That`s the help text from make menuconfig.

My Logitech works with two drivers: uvc and usb-audio. They must work

together ( and they do ).

Now I find a driver in usb gadgets, that has both video and audio in one

driver, not separately, just like the device itself, the webcam, that has

a mic and video capture function.

Doesn`t it seem logical to combine both functions in just one driver than

forcing two drivers to work together.

The help text does not tell me, what make and model needs it. 
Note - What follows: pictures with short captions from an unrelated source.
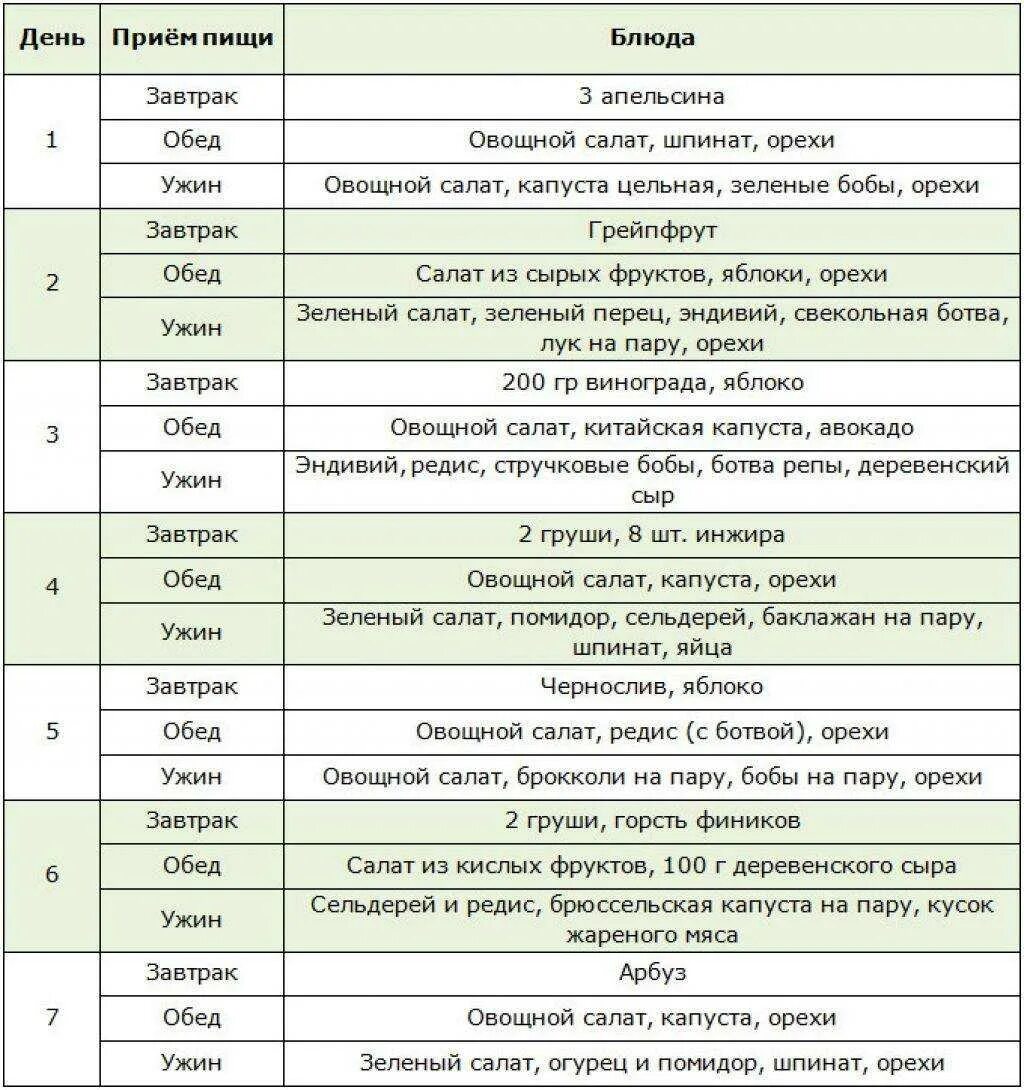 Рацион раздельного питания таблица. Меню раздельного питания на каждый день для похудения. Правильное питание для похудения таблица. Диета раздельное питание меню на 2 недели. Таблица питания на каждый день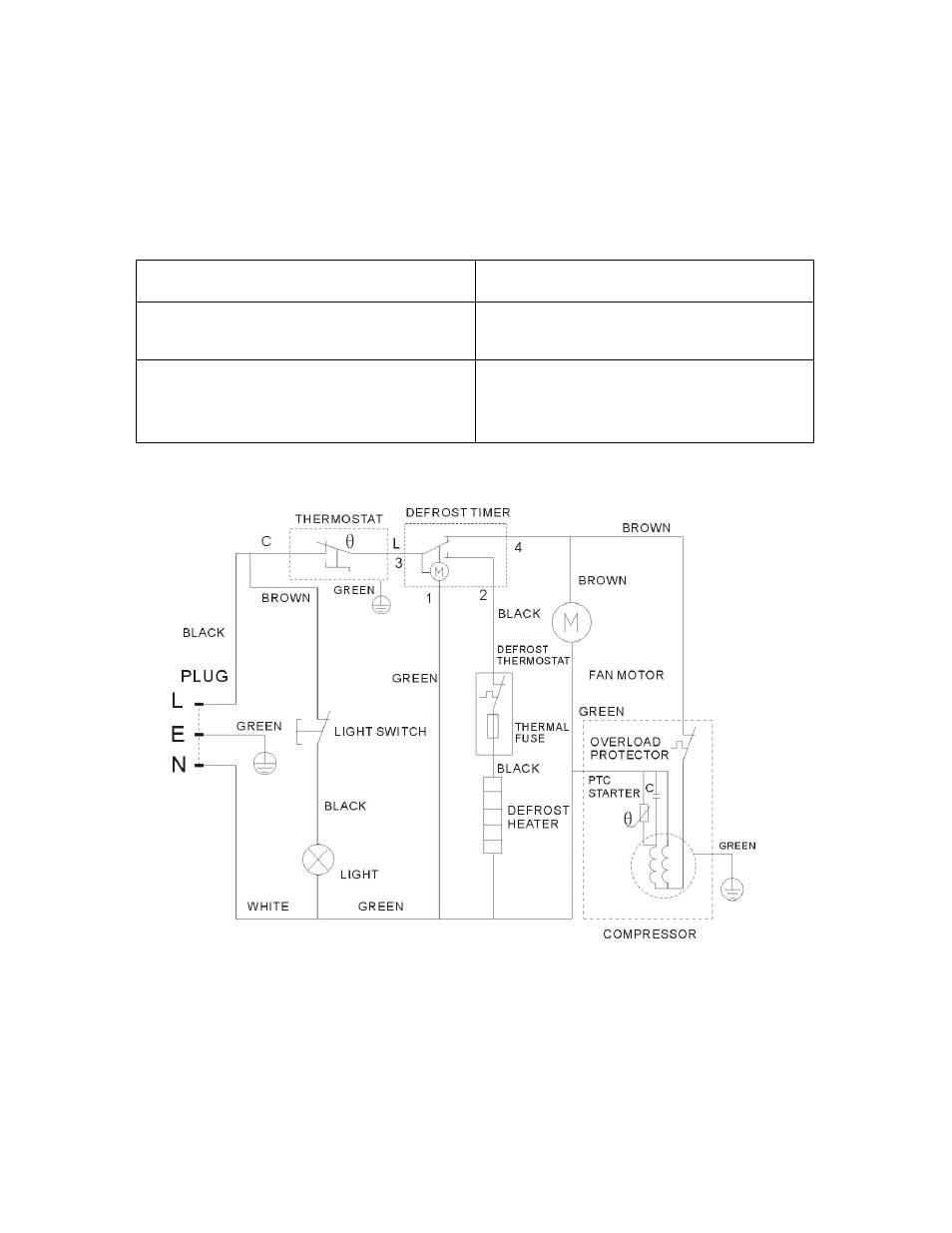 Avanti FF761PS User Manual | Page 14 / 22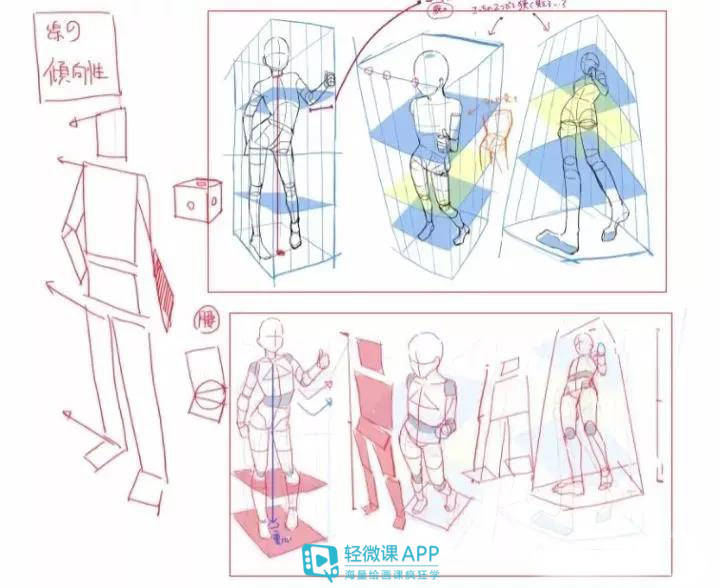 人体怎么画的好 人体重心绘画技巧 调整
I wouldn`t change my arrangement now as it works just fine

( skype is a jerk if you ask me and I know many people who have the

same issue in skype but nowhere else - I don`t care much for that )
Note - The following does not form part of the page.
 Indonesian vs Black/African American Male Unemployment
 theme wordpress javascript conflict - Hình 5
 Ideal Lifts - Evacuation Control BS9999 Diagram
I only thought one of you might know where the newcomer would be useful

as I like to explore a new kernel.

----------

## NeddySeagoon

transsib,

 *kernel help wrote:*   

> It provides a userspace API to process UVC control requests 

 is a good hint.

UVC is USB Video Class, so it works with any USB device compliant with the Video Class specification.

It looks like a step in the direction of moving some things from the kernel to user space.

----------

## EasterParade

 *Quote:*   

> It looks like a step in the direction of moving some things from the kernel to user space.

 

So it may be some kind of blueprint for the kernel thinktank or a working basis

for future developements?

----------

## cach0rr0

 *transsib wrote:*   

> 
> 
> So it may be some kind of blueprint for the kernel thinktank or a working basis for future developements?

 

something along those lines. Basically, for the time being, it provides the userspace API that various sundry applications might use to interact with the webcam; however, I would be surprised if any of the userspace tools have yet been updated to make use of it. 

basically, it's an additional protocol for this - http://www.linux-usb.org/gadget/ - that's to be used for webcams

 *transsib wrote:*   

> 
> 
> @cach0rr0, what`s Ronnie doing in the glory of red ?
> 
> 

 

doing his best Che impression of course.

----------

## EasterParade

Thank you for the input the two of you. And NeddySeagoon, see you around.   :Very Happy: 

 *Quote:*   

> 
> 
> transsib hat Folgendes geschrieben:
> 
> @cach0rr0, what`s Ronnie doing in the glory of red ?
> ...

 

Yep, it certainly fits to him.   :Laughing: 

----------